Brief descriptive captions:
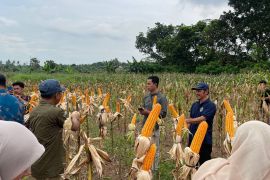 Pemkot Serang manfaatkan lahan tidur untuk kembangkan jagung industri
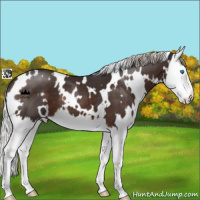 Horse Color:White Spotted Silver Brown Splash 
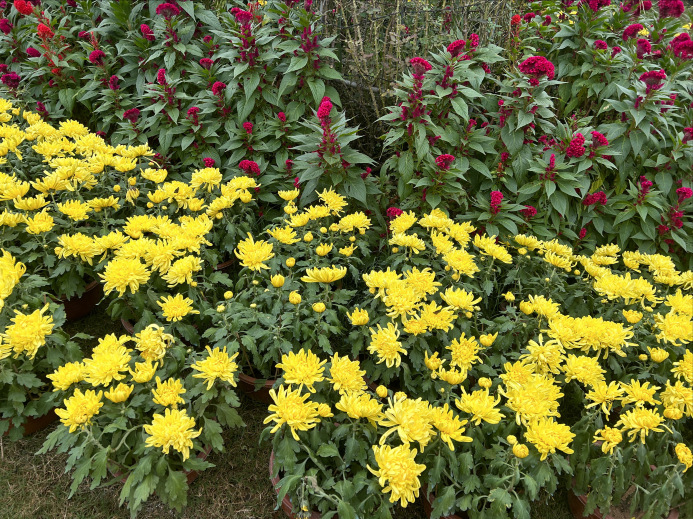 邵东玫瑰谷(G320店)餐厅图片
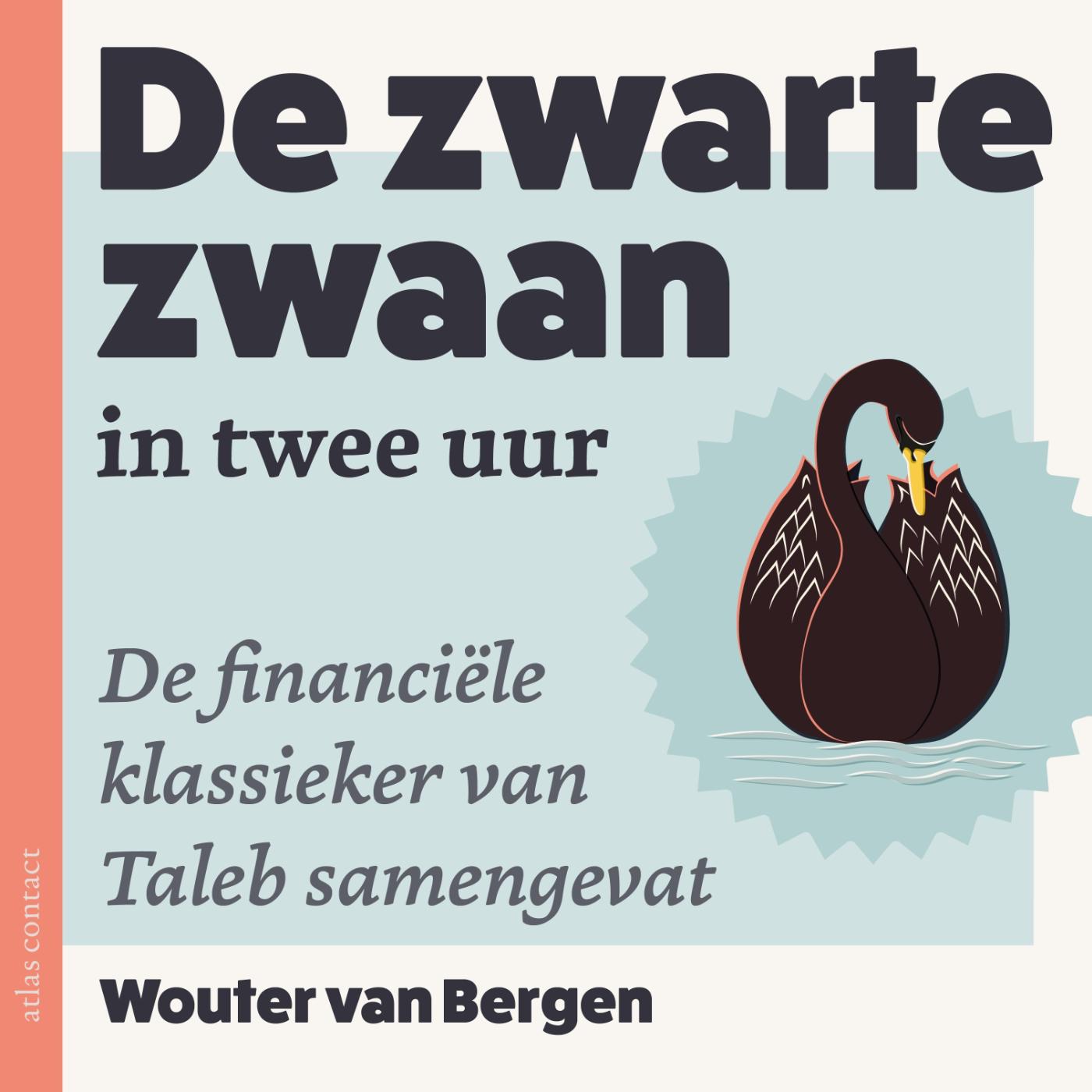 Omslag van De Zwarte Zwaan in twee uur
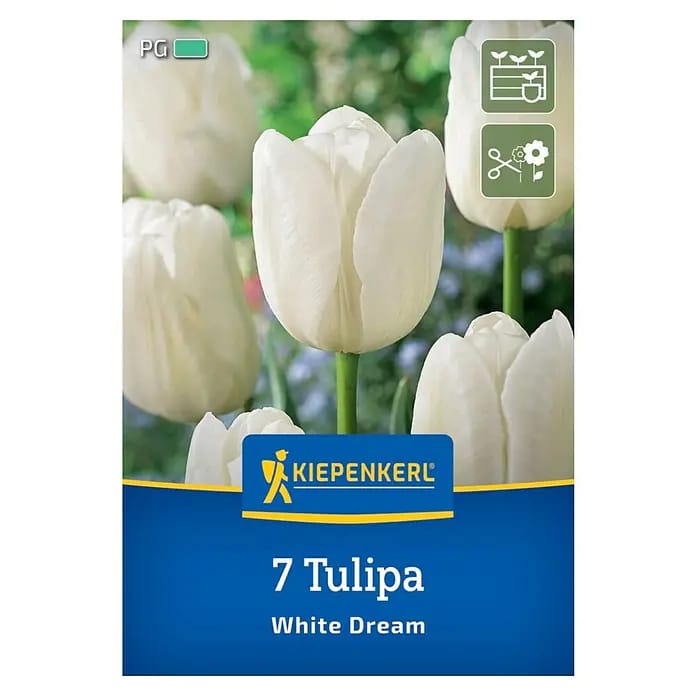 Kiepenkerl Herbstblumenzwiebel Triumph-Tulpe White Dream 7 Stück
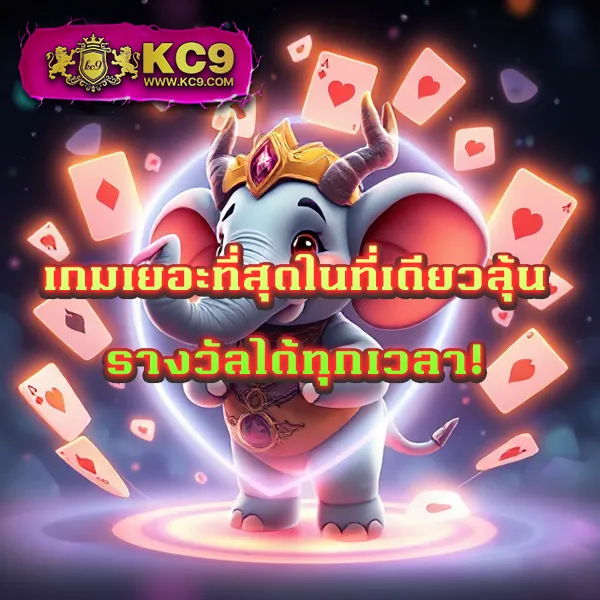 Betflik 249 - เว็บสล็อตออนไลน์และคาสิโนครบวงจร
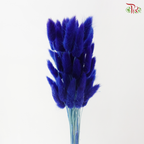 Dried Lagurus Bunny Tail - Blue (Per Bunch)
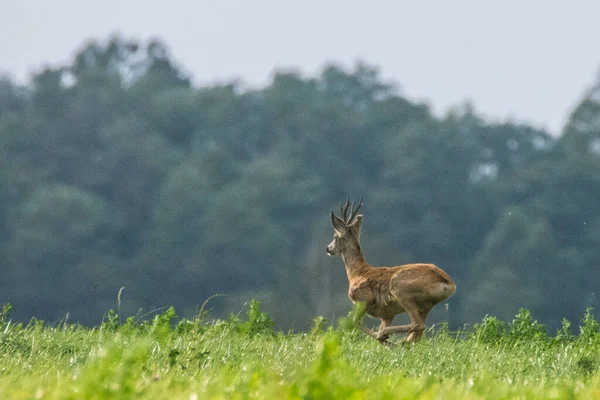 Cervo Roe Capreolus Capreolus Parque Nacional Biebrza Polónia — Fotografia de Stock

* * *

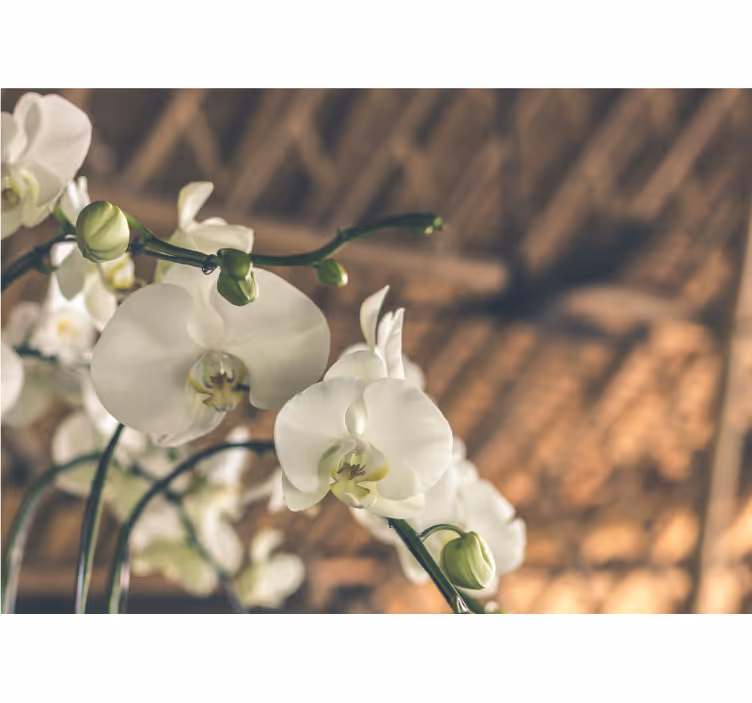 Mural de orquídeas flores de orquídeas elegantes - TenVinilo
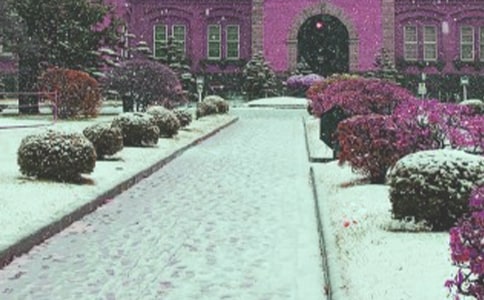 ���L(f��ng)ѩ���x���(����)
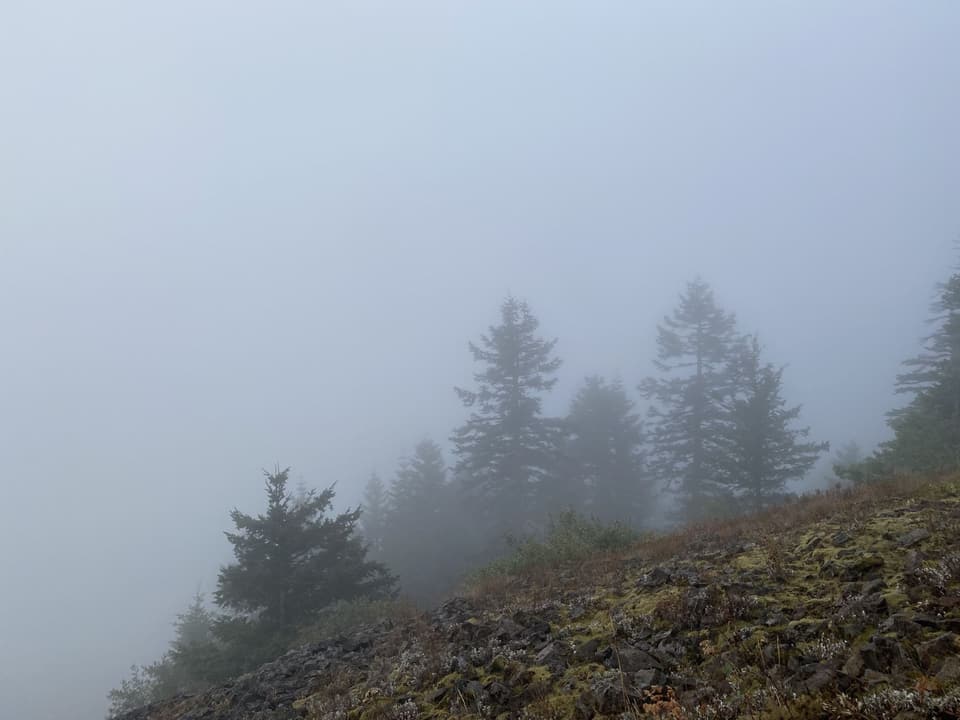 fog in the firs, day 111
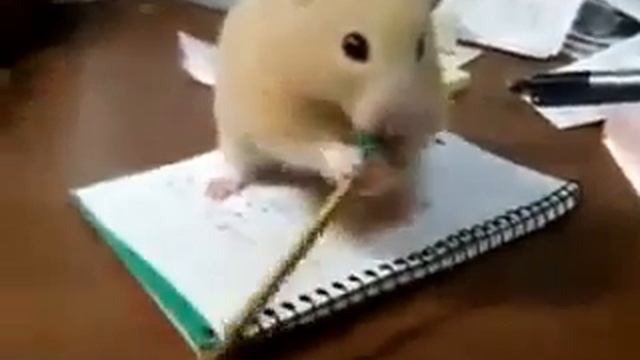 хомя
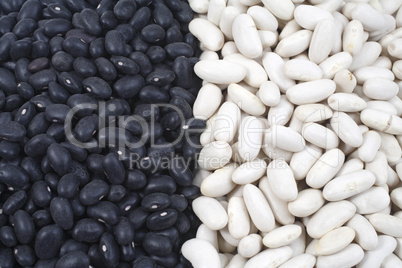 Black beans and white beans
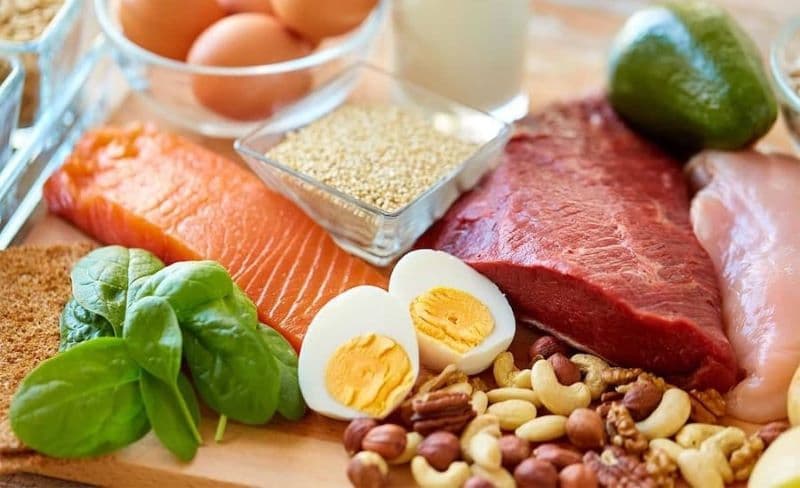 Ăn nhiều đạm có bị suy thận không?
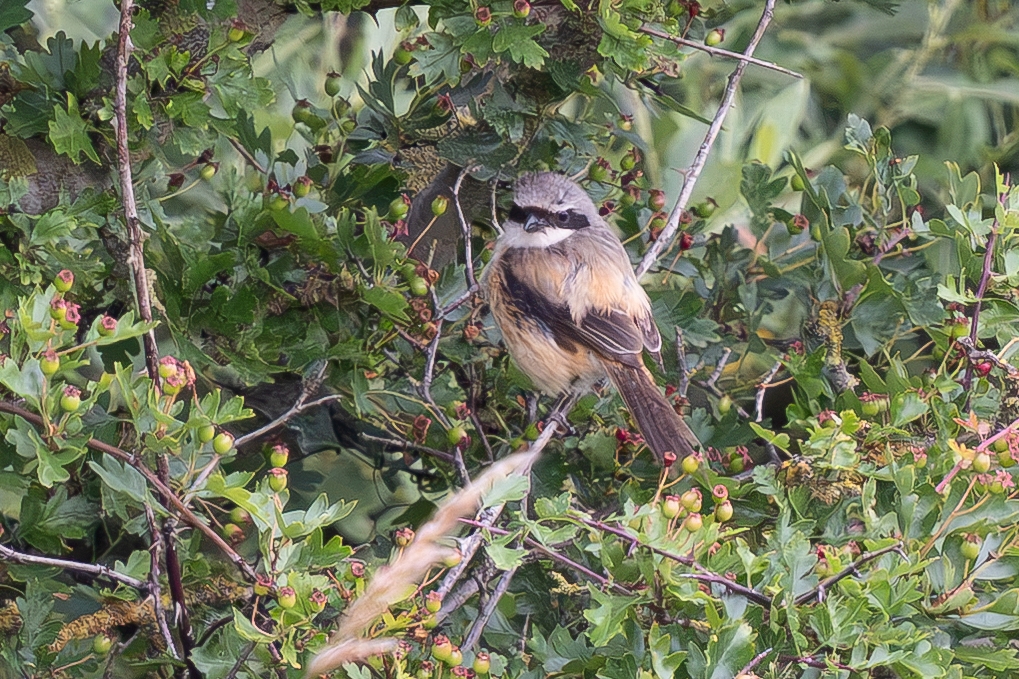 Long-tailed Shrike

* * *

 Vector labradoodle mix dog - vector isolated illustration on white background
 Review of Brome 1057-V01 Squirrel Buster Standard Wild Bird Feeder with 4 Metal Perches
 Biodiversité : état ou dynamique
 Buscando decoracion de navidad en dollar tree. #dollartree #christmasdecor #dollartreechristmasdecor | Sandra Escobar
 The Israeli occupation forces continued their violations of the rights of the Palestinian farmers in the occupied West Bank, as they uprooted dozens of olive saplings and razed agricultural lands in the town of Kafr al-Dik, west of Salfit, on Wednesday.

_Problem to work on:_
Of the entries above, repeat exactly the lines from the line with "Biodiversité : état ou dynamique" through the line with "Buscando decoracion de", both of them included.

_Your solution:_
 Biodiversité : état ou dynamique
 Buscando decoracion de navidad en dollar tree. #dollartree #christmasdecor #dollartreechristmasdecor | Sandra Escobar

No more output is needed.